Air-liquid interface culture combined with differentiation factors reproducing intestinal cell structure formation in vitro

Reproducing intestinal cells in vitro is important in pharmaceutical research and drug development. Caco-2 cells and human iPS cell- derived intestinal epithelial cells are widely used, but few evaluation systems can mimic the complex crypt-villus-like structure. We attempted to generate intestinal cells mimicking the threedimensional structure from human iPS cells. After inducing the differentiation of iPS cells into intestinal organoids, these were dispersed into single cells and cultured two-dimensionally.

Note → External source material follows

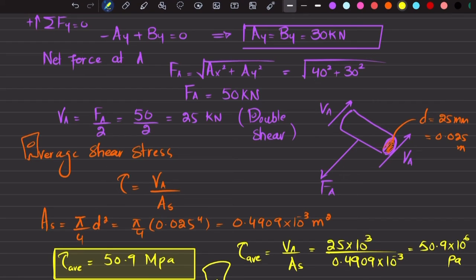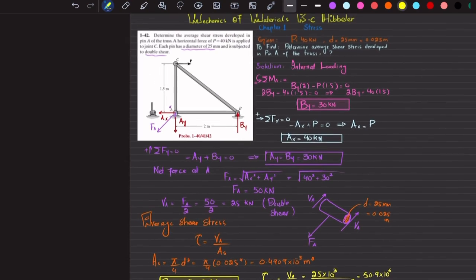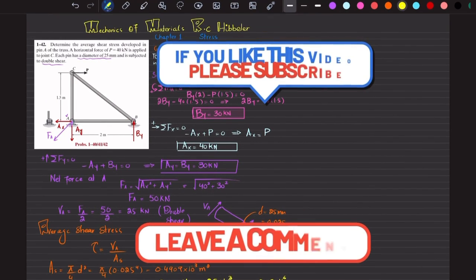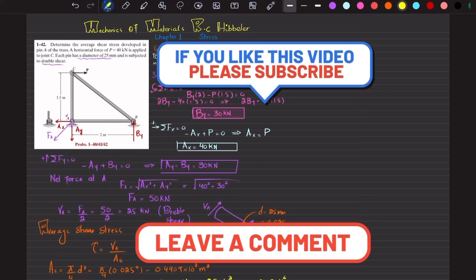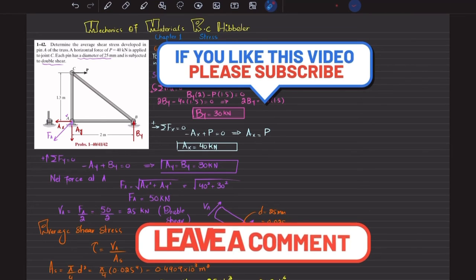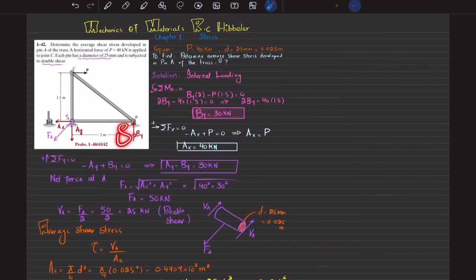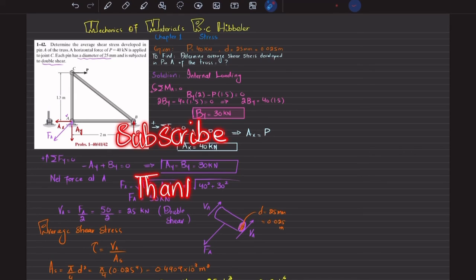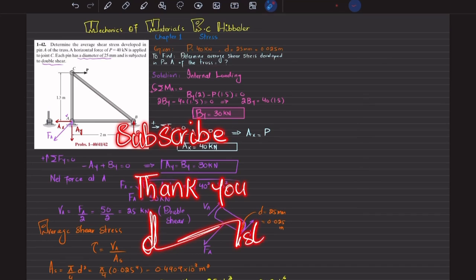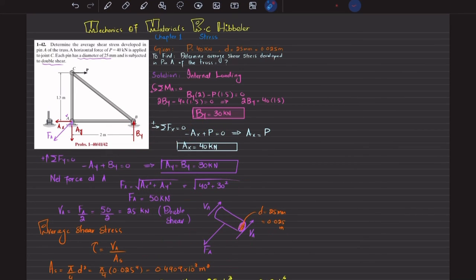The average shear stress developed in the pin at point A is 50.9 MPa, and that is the answer to Problem 1-42. I hope you enjoyed this video and learned from it. If you are new to my channel, please subscribe and press the bell icon for notifications on my latest videos. If you have any questions, ask in the comment section. Thank you for watching.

An air- liquid interface culture was used, with CHIR99021, forskolin, and A-83-01 used as key compounds. Long-term culture was also performed by adding Wnt3a, Noggin, and RSPO1, which are frequently used in organoid culture. The air-liquid interface culture combined several compounds that successfully induced the formation of a crypt-villus-like structure, which grew rapidly at around day 6. The expression of pharmacokinetic genes such as CYP3A4 was also enhanced. The intestinal stem cells were efficiently maintained by the addition of Wnt3a, Noggin, and RSPO1. We were able to construct a crypt-villus-like structure on cell culture inserts, which is considered a very simple culture platform. This structure had characteristics extremely similar to living intestinal tissues and may have a superior homeostatic mechanism.